California Consumers

If you are a California resident, the California Consumer Privacy Act (“CCPA”) may extend to you certain rights involving the collection, use, or disclosure of Personal Information, as defined elsewhere in this Privacy Notice, as well as information that is reasonably capable of being associated with you or your household.

Subject to exceptions outlined in the CCPA, these rights may include the following:

Access Rights

  • You can ask us to confirm what personal information we hold about you including:

    • The categories of personal information we collected about you;
    • The categories of sources from which the personal information is collected;
    • The categories of third parties with whom we share (if applicable) your personal information;
    • The specific pieces of personal information we collect about you.
    • You can ask us for a copy of this information in a readily useable format.
    • You can ask us to delete the personal information collected from you where there is no basis for us to continue to hold that information.
    • In circumstances where we use your personal information on the basis of your consent, you may withdraw your consent.
    • You have the right to not be discriminated against based on your decision to exercise any rights available to you under the CCPA.
    • Please note: Milbank does not sell Personal Information.

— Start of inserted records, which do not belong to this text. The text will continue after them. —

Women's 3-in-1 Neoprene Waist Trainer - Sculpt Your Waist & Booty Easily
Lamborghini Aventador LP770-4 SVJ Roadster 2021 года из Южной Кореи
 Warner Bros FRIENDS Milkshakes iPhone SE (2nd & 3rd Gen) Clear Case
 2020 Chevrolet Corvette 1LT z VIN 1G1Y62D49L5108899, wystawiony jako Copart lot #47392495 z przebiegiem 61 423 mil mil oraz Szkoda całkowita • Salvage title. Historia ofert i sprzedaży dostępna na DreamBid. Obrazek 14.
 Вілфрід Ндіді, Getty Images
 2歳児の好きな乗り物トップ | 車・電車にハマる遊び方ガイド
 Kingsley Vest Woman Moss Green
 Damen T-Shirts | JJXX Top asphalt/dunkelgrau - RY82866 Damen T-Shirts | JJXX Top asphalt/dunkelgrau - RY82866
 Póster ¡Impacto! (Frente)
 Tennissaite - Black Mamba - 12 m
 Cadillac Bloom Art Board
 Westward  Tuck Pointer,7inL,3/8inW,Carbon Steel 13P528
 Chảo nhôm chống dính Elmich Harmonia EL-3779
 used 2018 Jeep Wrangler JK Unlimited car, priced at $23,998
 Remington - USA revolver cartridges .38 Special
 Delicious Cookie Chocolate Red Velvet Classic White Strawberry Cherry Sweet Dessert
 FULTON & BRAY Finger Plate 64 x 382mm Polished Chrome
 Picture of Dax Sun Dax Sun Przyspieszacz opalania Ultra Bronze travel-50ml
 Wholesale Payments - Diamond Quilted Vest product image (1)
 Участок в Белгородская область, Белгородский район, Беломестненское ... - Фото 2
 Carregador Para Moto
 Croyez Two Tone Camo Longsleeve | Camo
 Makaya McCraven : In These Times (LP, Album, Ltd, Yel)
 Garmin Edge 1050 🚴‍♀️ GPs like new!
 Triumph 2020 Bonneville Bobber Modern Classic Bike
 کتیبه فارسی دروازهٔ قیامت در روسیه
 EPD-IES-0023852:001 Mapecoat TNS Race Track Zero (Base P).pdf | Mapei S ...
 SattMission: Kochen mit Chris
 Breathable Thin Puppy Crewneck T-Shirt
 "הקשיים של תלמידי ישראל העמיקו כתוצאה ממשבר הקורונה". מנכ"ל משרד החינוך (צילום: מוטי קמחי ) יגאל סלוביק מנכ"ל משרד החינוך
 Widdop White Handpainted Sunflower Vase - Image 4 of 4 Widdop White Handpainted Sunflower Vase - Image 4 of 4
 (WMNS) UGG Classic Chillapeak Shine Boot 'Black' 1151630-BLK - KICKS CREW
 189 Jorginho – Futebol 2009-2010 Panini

Categories of Personal Information Collected and/or Disclosed for Business Purposes in the past 12 months

The following categories of California Consumer Personal Information have been collected and/or disclosed for business purposes by Milbank in the past 12 months:

  • Identifiers (such as name, postal address, email address, etc.);
  • Information protected against security breaches (such as your name and financial account, driver’s license, social security number, user name and password, health/medical information); 
  • Protected classification information (like race, gender, ethnicity, etc.);
  • Commercial information; 
  • Internet or electronic network activity; 
  • Geolocation data; 
  • Audio or visual data;
  • Professional or employment related information; and
  • Education information.

Requests for access to your Personal Information can be submitted via the following methods:

Depending on the nature of your request, we may need to verify your identity before fulfilling your request.

Contact us

If you have any questions about this Privacy Notice or about any of the personal information that we hold about you, please contact:

55 Hudson Yards
New York, NY 10001-2163
privacy@milbank.com

We have also appointed a Data Protection Officer (DPO) for our European offices. You can contact our DPO by clicking here.

Changes to Our Privacy Notice

We regularly review this Privacy Notice. Any changes will be reflected within an updated version available on our website. Where appropriate, we may directly notify you of changes by email.